Я еще сверху увидел серый шерстяной платок, накинутый на узкие плечи. Пробор широкой лентой рассекал гладкую русую голову. Дама деловито подымалась по ступенькам, слегка придерживая спереди подол простой черной юбки. Взгляд ее снизу искал моего с бледной, робкой и чистой улыбкой — очевидно, она уже знала все.

Поспешно, словно загораживая мне дорогу к Серафине, она проговорила:

— Мисс Риэго чувствует себя превосходно. Я только что заглядывала к ней.
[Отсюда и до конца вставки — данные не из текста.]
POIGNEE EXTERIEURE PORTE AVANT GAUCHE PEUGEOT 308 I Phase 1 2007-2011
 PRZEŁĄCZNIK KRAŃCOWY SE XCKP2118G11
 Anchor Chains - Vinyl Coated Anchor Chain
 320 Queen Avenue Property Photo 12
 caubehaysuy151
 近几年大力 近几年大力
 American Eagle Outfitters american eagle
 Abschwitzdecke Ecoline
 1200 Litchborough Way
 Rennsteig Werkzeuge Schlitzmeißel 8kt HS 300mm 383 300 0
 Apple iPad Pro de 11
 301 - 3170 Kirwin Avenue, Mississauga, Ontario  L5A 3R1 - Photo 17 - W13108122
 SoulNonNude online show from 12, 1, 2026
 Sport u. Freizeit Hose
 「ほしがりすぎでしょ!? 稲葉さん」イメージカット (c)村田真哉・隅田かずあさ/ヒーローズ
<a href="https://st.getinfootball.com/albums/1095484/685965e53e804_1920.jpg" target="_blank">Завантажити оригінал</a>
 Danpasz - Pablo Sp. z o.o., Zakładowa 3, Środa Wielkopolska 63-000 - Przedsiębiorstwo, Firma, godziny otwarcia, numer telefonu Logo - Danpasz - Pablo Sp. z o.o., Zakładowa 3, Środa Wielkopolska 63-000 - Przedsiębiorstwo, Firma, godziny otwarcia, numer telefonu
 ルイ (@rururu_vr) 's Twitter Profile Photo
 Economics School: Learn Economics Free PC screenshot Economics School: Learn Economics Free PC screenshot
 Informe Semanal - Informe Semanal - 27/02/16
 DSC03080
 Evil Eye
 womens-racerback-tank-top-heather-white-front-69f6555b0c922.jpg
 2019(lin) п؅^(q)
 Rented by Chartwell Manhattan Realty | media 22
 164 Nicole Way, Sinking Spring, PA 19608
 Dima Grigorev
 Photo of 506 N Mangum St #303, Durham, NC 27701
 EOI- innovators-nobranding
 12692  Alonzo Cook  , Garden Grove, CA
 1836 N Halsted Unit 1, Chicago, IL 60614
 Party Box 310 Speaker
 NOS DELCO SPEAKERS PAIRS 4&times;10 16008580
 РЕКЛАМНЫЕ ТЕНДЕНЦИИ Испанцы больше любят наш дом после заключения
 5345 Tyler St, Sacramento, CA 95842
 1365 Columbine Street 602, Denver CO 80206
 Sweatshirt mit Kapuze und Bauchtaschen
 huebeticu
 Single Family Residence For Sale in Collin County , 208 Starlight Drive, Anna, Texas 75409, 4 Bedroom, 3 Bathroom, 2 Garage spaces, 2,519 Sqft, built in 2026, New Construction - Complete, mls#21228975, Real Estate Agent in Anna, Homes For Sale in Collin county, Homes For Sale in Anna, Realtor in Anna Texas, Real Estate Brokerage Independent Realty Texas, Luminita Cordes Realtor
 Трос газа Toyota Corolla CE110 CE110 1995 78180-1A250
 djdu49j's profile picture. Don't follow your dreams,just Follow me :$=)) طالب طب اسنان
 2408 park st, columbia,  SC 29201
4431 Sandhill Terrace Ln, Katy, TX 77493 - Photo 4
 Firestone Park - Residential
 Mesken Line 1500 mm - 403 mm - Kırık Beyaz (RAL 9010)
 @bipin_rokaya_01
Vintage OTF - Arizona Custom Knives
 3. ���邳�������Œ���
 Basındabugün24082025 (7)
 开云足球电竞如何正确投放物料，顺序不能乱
Бедная суеверная барышня стоит на коленях и крестится.

Миссис Вильямс даже вздрогнула. Чуждый обряд ее смутил, почти испугал — как если бы она вдруг увидела мерзостное радение какой-нибудь тайной секты.

Я объяснил ей, что Серафина католичка и молится по-своему, как каждый из нас. Миссис Вильямс только вздохнула и, преодолевая свое смущение, предложила мне прогуляться с нею. Мы прошли на ют. Она семенила мелкими шажками, крепко натягивая свой платок. Гладкие пряди волос бросали тень на вдавленные виски. Ни одна монахиня холодной мягкостью манер не производила на меня столь полного впечатления духовной нищеты и отрешенности.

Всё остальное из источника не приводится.